### Your task
Nothing but the pictures should be left out when the entries below are duplicated.

[Brief descriptive captions]
——————————
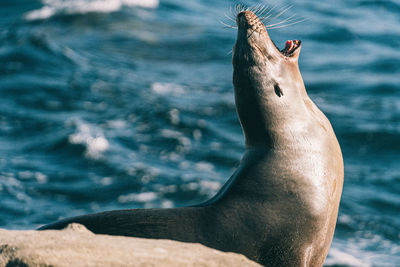 Close-up of sea lion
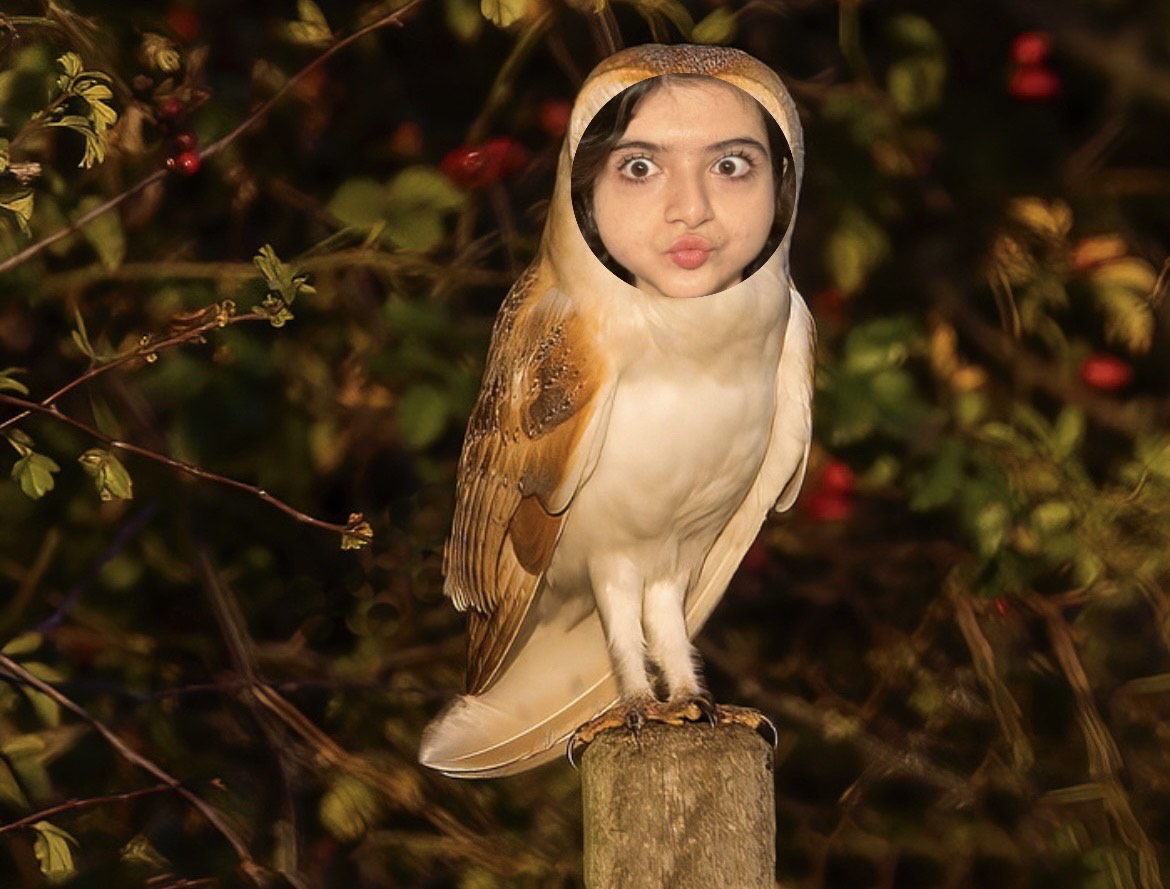 Image of Baran O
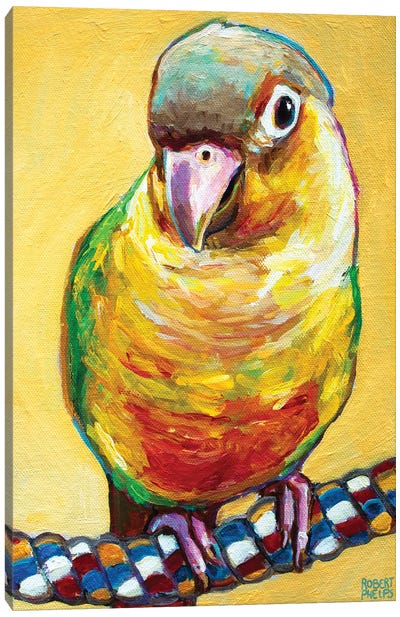 Conure On Yellow Canvas Art Print - Parakeet Art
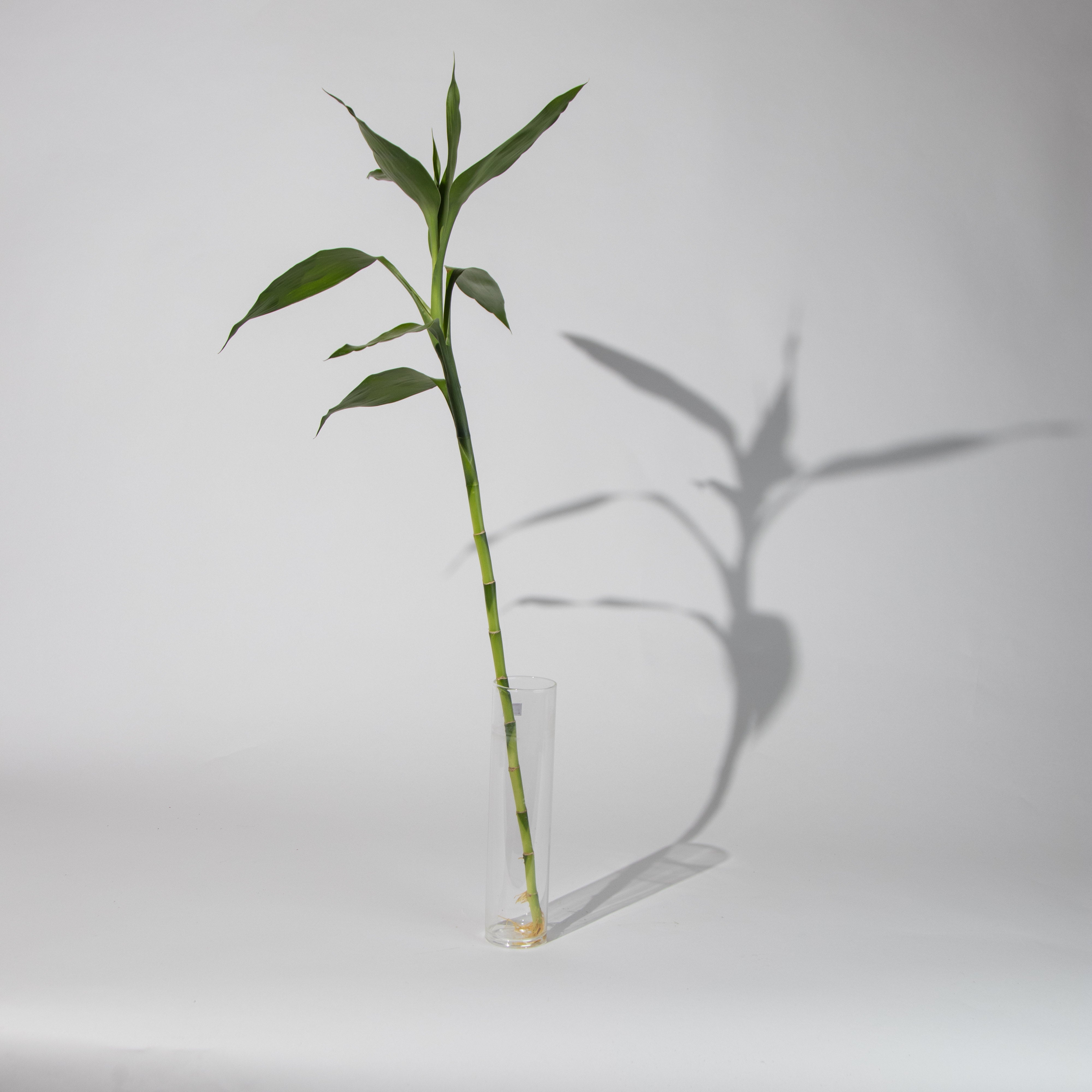 نبات البامبو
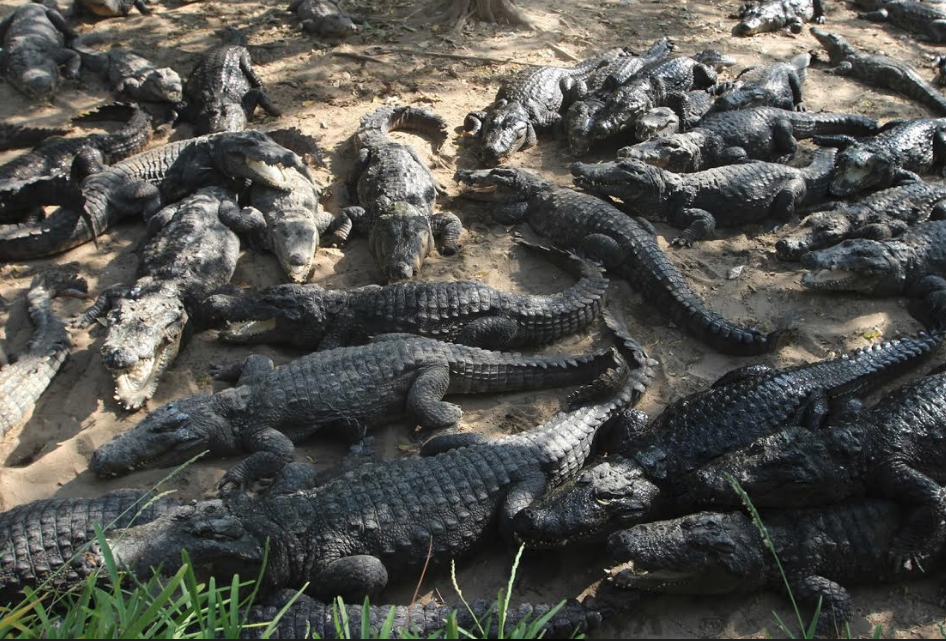 Aankal Jaakkirathai Crocodiles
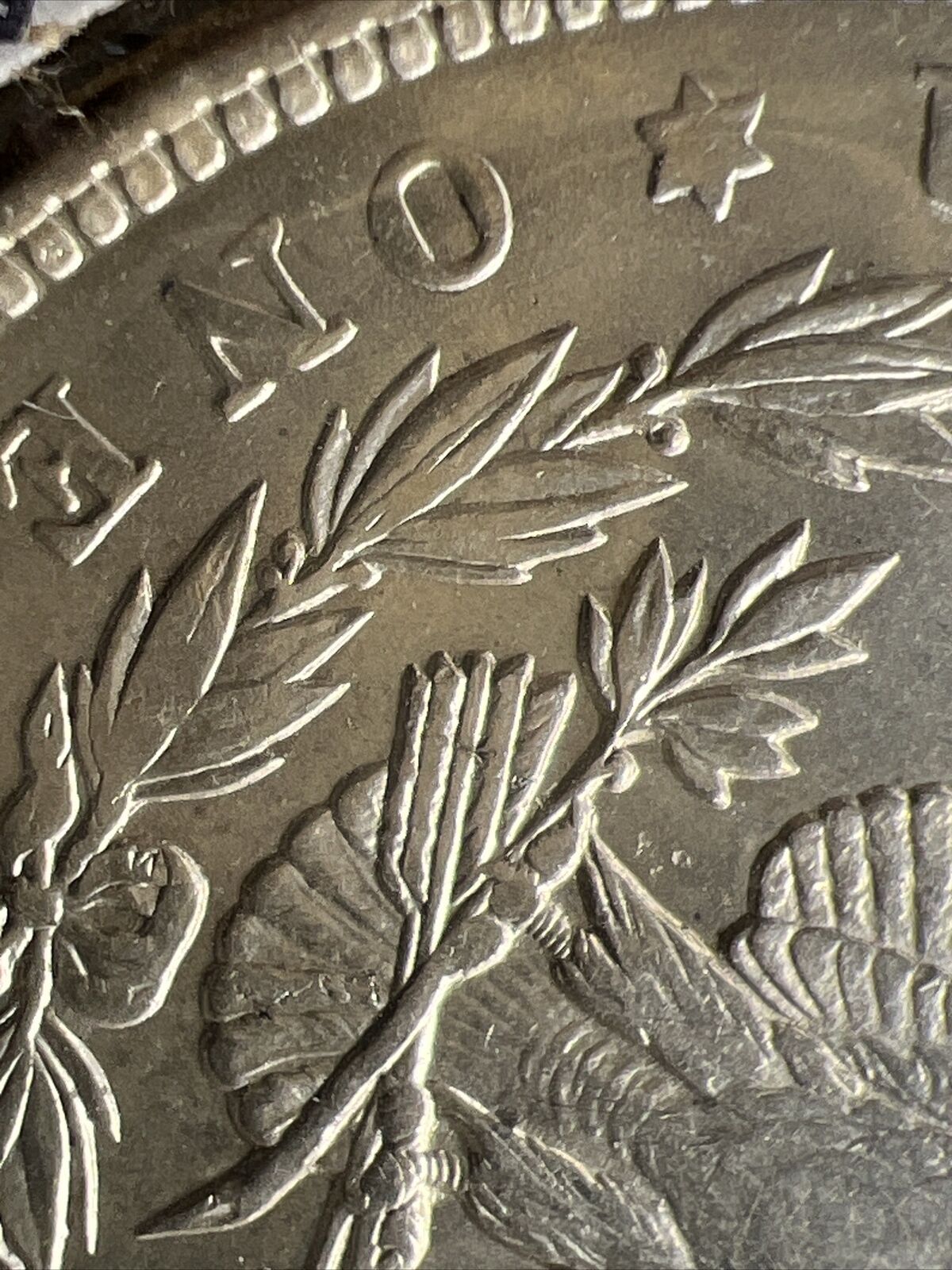 1900 P Morgan Silver Dollar Coin VAM 33 Variety DDR Reverse Leaves Choice AU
——————————
### Task solution
 Close-up of sea lion
 Image of Baran O
 Conure On Yellow Canvas Art Print - Parakeet Art
 نبات البامبو
 Aankal Jaakkirathai Crocodiles
 1900 P Morgan Silver Dollar Coin VAM 33 Variety DDR Reverse Leaves Choice AU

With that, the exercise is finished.